Горячая вода в доме была практически с момента его постройки. Хотя, по воспоминаниям мамы, с банями — Тетеринской и Воронцовской — семья тоже была знакома. Были телефон, газовая плита, прямо в кухне — мусоропровод для сухих отходов. Для органических отходов на лестнице стояло мусорное ведро, общее на этаж. Но поскольку не все соблюдали правила, то домашний мусоропровод создавал больше проблем, чем преимуществ. В комнатах был дубовый паркет, который требовал определенного ухода. Периодически его покрывали мастикой и натирали щеткой. Это занятие мне казалось привлекательным и веселым, как катание на коньках, только дома, и я старалась принять в нем участие. Со временем некоторые паркетины рассохлись, уже не лежали слишком плотно и немного звенели при постукивании. Мне казалась, что под ними обязательно должен быть спрятан клад в виде монеток. Для покраски стен в комнатах специальной краской по трафаретам вызывали мастеров. Не так уж мы шикарно жили: в двухкомнатной квартире дедушки-генерала в разное время проживало от четырех до семи человек. Однако отдельная квартира, лифт в доме, телефон, газовая плита, горячая вода, ванная — все это в 1950-60-е годы воспринималось как роскошь. Но я об этом не задумывалась, ведь в нашем доме так жили все.

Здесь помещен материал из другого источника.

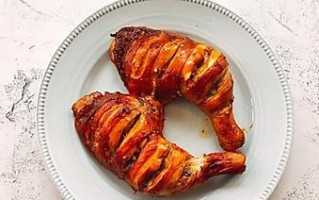 轻松制作蒜香烤鸡腿（健康美味，享受家庭美食时光）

И еще об одном уникальном явлении в нашем доме хотелось бы рассказать. О прогулочной группе Ирины Васильевны. Ирина Васильевна жила в 1-м подъезде нашего дома. По всей видимости, гулять во дворе дома она стала тогда, когда у нее родилась внучка Оля, моя ровесница. Со временем разные мамочки ей стали оставлять своих детей-дошкольников и грудничков в колясках. Детских садов поблизости не было. И всем было удобно, что нашлась женщина, которая два раза в день в любую погоду гуляет с их детьми, переходя с одной стороны дома на другую, в зависимости от направления ветра. Даже когда внучка подросла, и когда сама Ирина Васильевна переехала в другой район, она еще долгие годы продолжала приезжать гулять с детьми. Все вспоминают ее с благодарностью. Дети ее слушались, а родители уважали.
![]()
Александр Самсонович Савченко. Архив Елены Резниковой
Дом №38 на Гончарной улице
Елена с мамой во дворе дома №38 на Гончарной улице. Зима 1956/1957 года. Архив Елены Резниковой
Елена с бабушкой. 1963 год. Архив Елены Резниковой
Группа Ирины Васильевны. 1960-е. Архив Елены Резниковой
Те, кто начинал ходить в школу, гуляли во дворе сами по себе. Играли в классики, в прятки, прыгали через скакалку, били мячиком об стенку, а потом перепрыгивали через него, делали «секретики», закапывая в землю разные стеклышки с подложенными под ними фантиками, бумажками, перышками, крутили всякие фигуры на металлической перекладине около люка, ведущего в кладовую магазина. Зимой, конечно, санки, горки и рытье проходов в огромных снежных сугробах. А когда темные отделочные гранитные плиты покрывал иней, можно было рисовать на них всякие картинки.